Again today, a person confirmed that she had lived for decades with anger toward God because of “things not going right” in her life. The pain was too much. The anger reached the point of not wanting anything to do with or about God.
It is true that some Christians had over the decades wanted to help her, but their approach didn’t make a connection. Is there some way to help folk like this? The following approach may allow for some fruitful dialogue.
I begin by mentioning that in the mind of many people, the reality of pain is an irrefutable argument against Christian theism. Many examples from the field of philosophy could be mentioned. In a very condensed form, the argument is that if pain (and its conjoined sibling, evil) are realities, then a theistic God who is moral, all knowing, and all loving doesn’t exist. It is said that this proposed antithesis does not allow for both the existence of God and the existence of pain / evil. It is, as they say, a disjunctive syllogism.
One of the responses to this situation (you will see the word “theodicy” used in the “literature”) has to do with human free will. But, I suggest that we address the matter in a different fashion, by asking about the role of pain in sentient creatures.
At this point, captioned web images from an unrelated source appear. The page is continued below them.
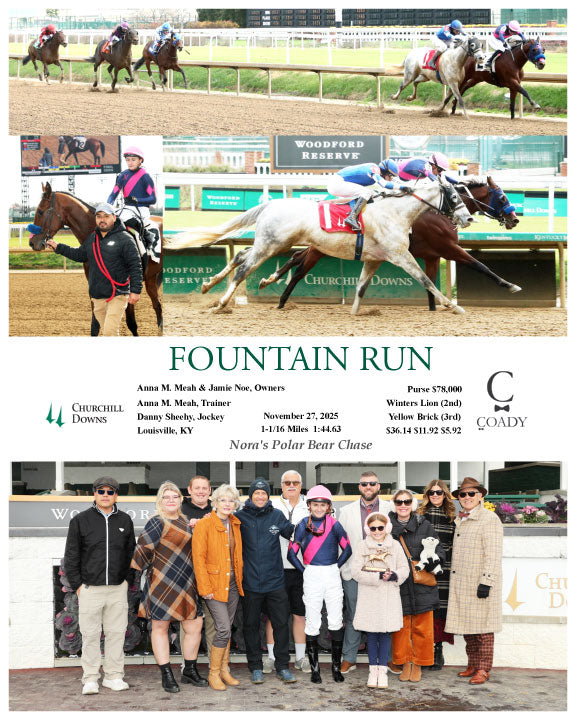 FOUNTAIN RUN - 112725 - Race 01 - CD - Group
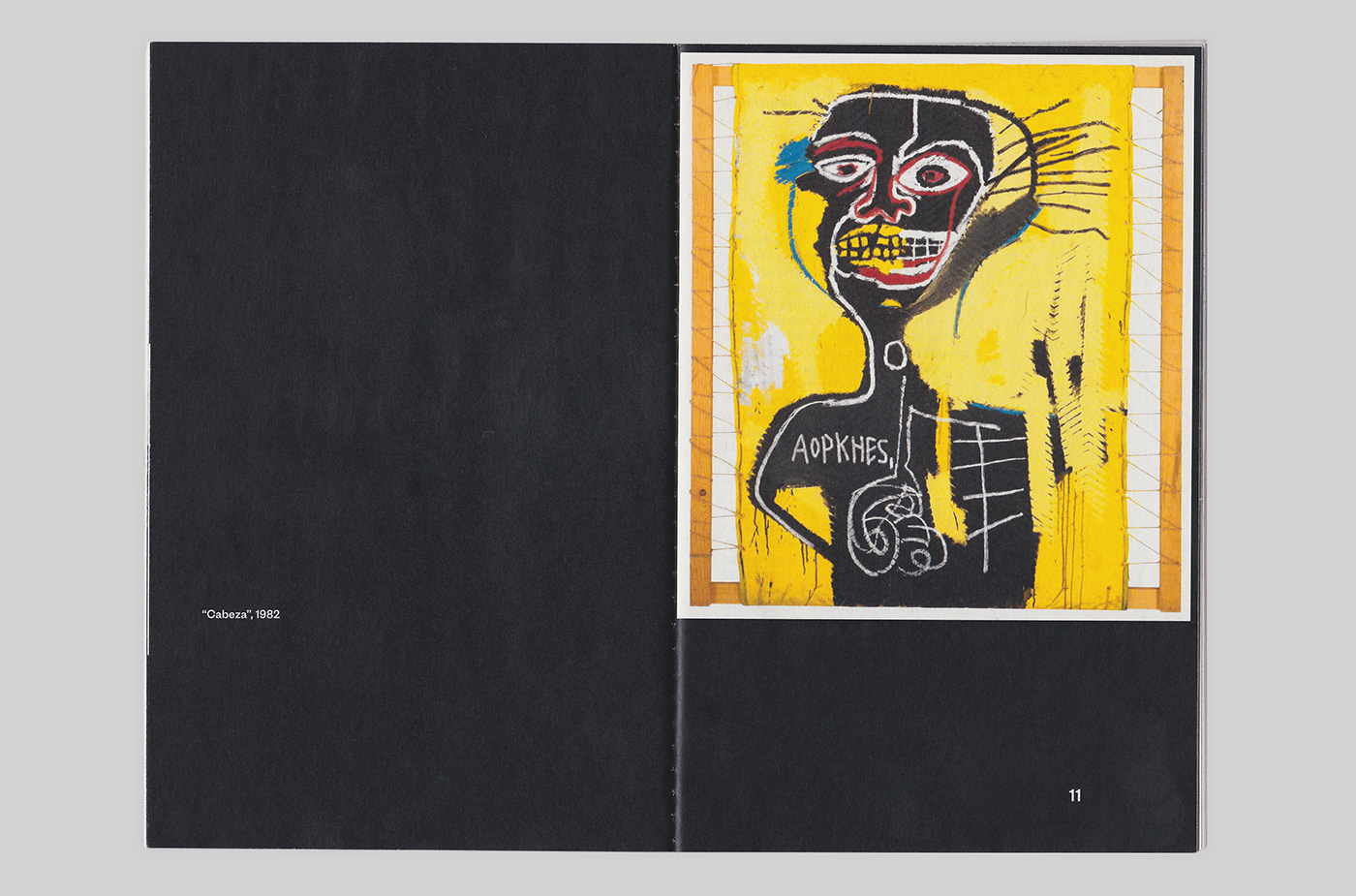 editorial design  ILLUSTRATION  Booklet Basquiat Stone Soup graphic design  art direction  print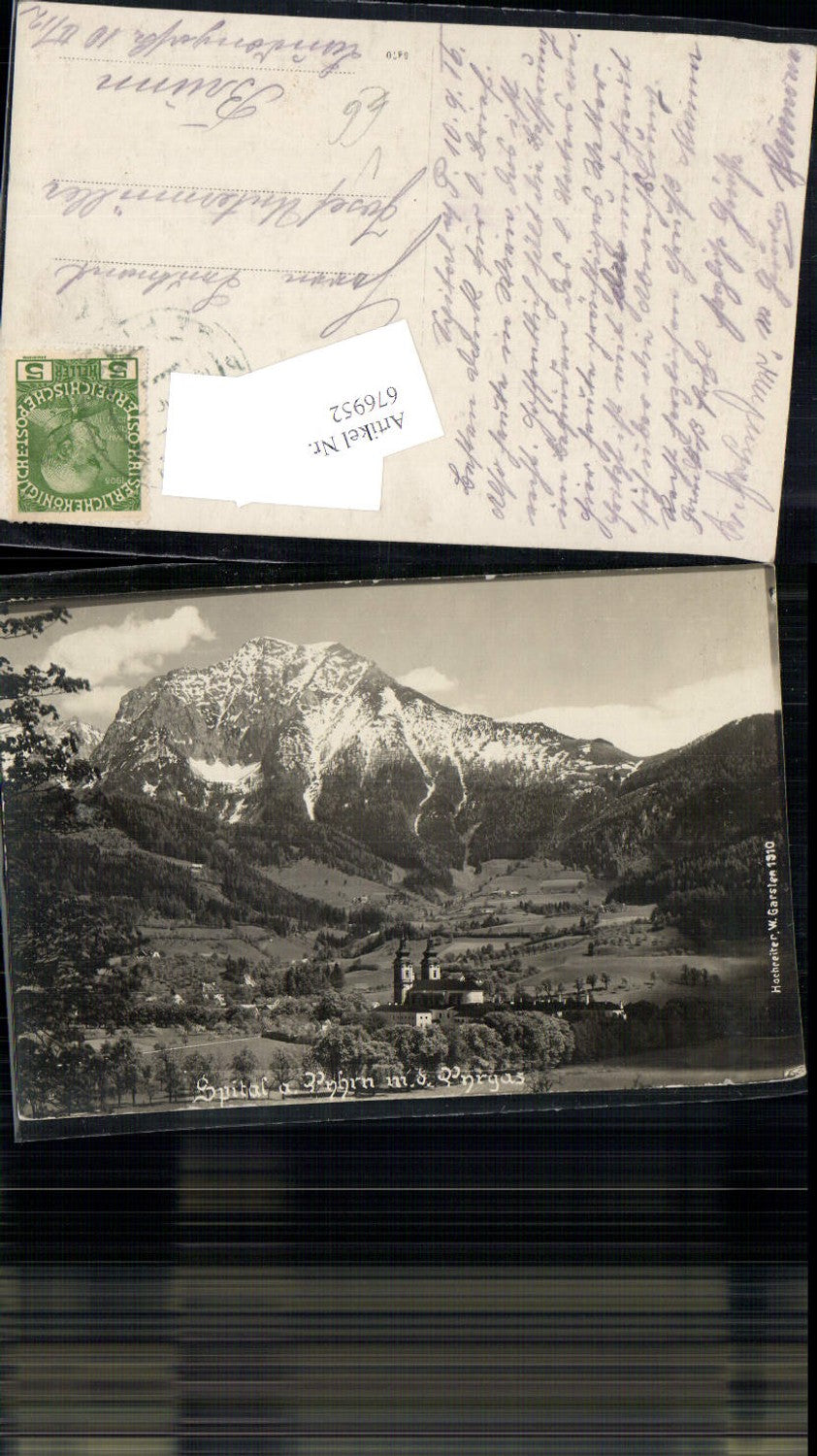 676952,Spital am Pyhrn Pyhrnbahn pub Hochreiter 1310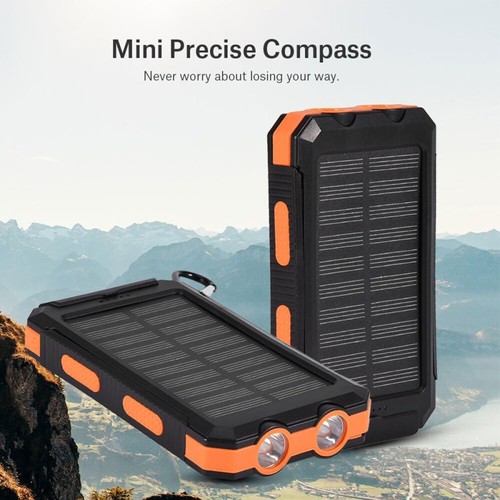 TOP Solar Powerbank Outdoor - 26800mAh - Ladegerät Batterie LED 2 USB Akku - Zdjęcie 10 z 20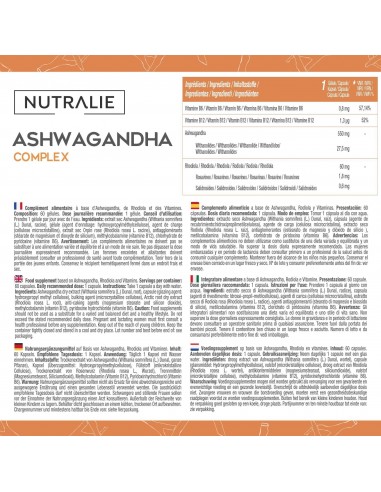 NUTRALIE ASHWAGANDHA COMPLEX  60...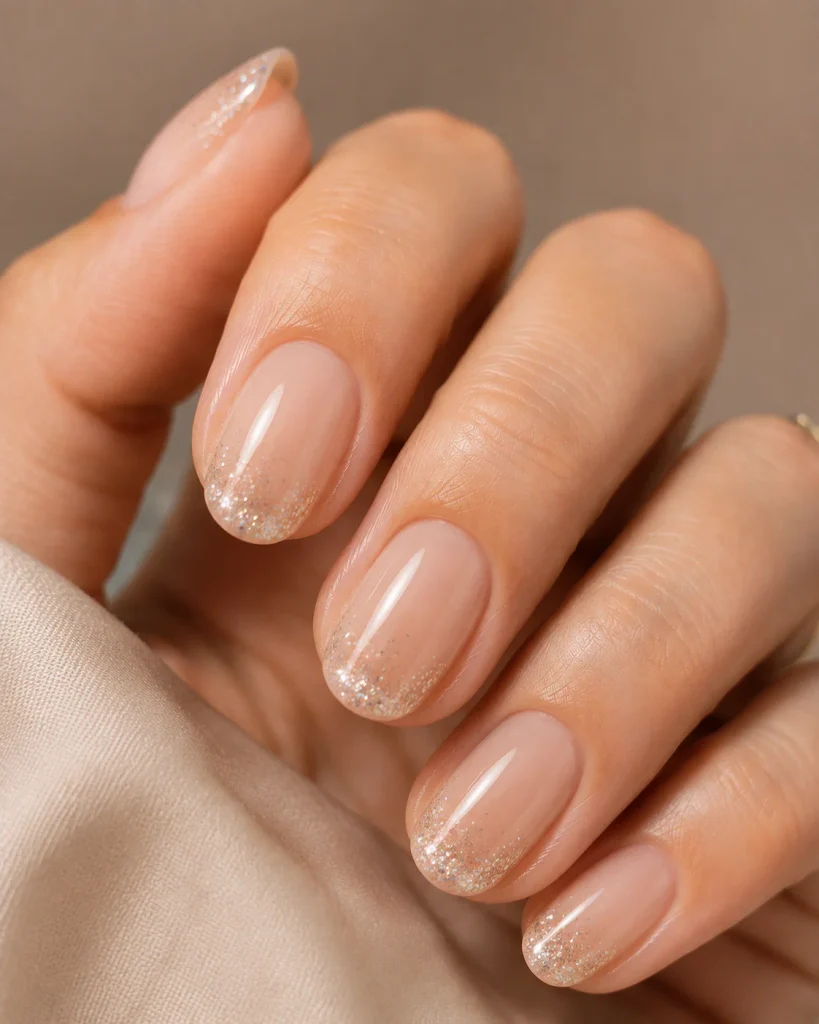  Sheer Glitter Tips
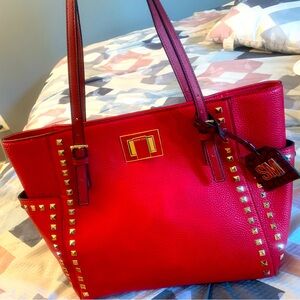 REAL Gold/Red Steve Madden shoulder bag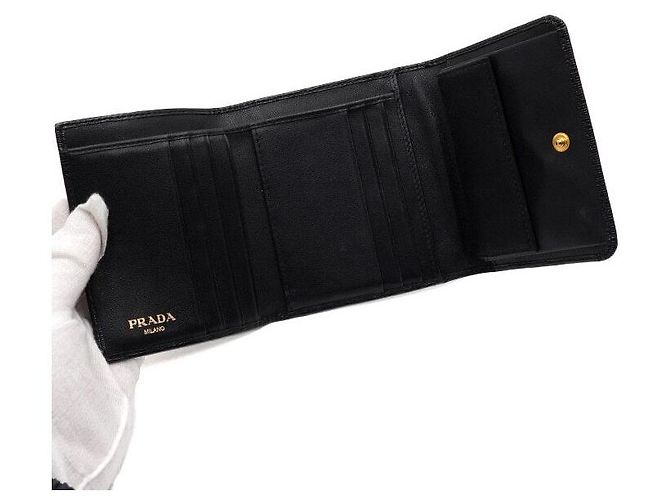 Prada Portefeuille pour femme Viterbo Move noir - vue 6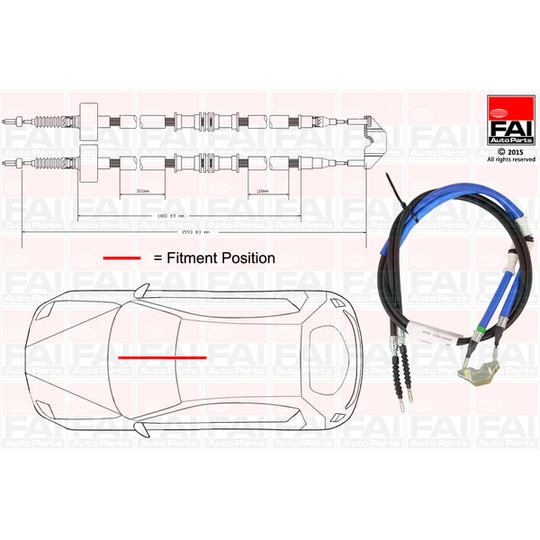 FBC0086 - Cable, parking brake 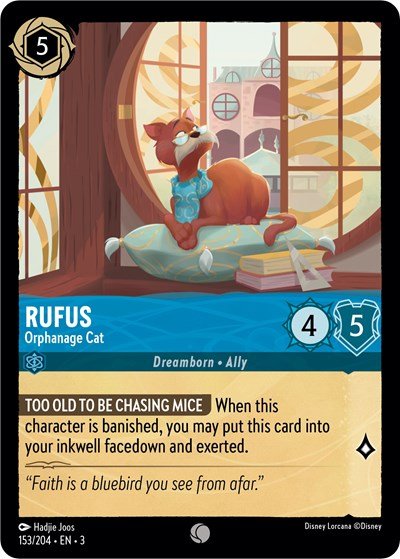 Rufus - Orphanage Cat (Into the Inklands) Near Mint - Nick Nack's Full Frontal Attack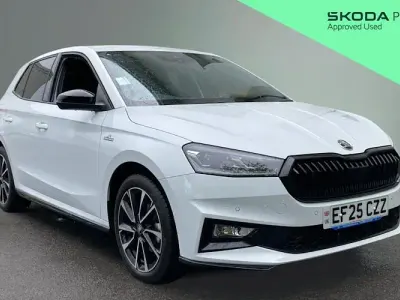 Gebraucht Skoda Fabia Monte Carlo 150 PS (110 kW) 2025 Weiß Kleinwagen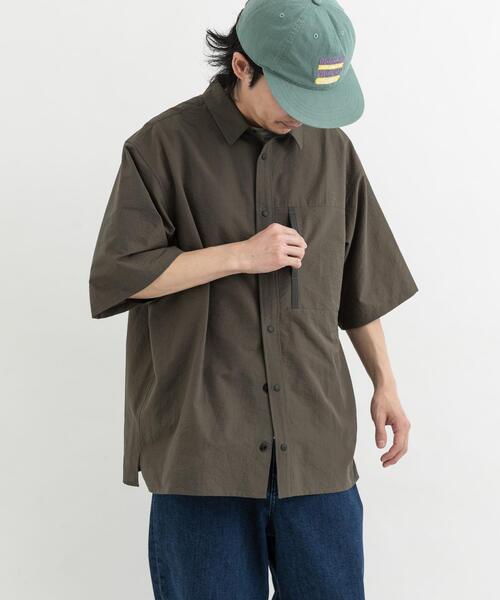 「EKAL」 半袖シャツ MEDIUM オリーブ メンズ_画像6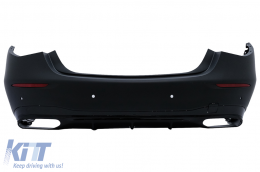 Kit Carrozzeria Conversione per Mercedes Classe S W223 Limousine 2020+ S450 Design Paraurti Griglia-image-6098751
If there were no pain. what would life be like? Would we be aware of physical problems (injuries, illnesses, etc.) if we didn’t feel pain? Would we be aware of the seriousness and damage resulting from moral errors and deficiencies if we did not experience the pain of guilt? Would we sense any need to “improve” or “explore” without some kind of pain impacting us? Would we have “longings?” for something better without the pain of living in a never changing world?
These kind of questions move us to focus on pain not as a mistake by a creator God, or as proof that theism is self-defeating. Rather, we begin to see pain as a necessary tool for the ongoing existence of sentient beings. Pain doesn’t have a stand-alone status. Pain is an alarm that rings when something is out of synch. If humanity didn’t experience pain in its many permutations, humanity would have ceased to exist long ago without ever knowing that its pleasure-only existence was condemning it to extinction. Wanting a pain free life is synonymous to an unconscious death-wish.
You don’t have to be either a sadist or a masochist to value pain. You simply need to be a realist who thanks God for not making it possible for us to activate a global off switch.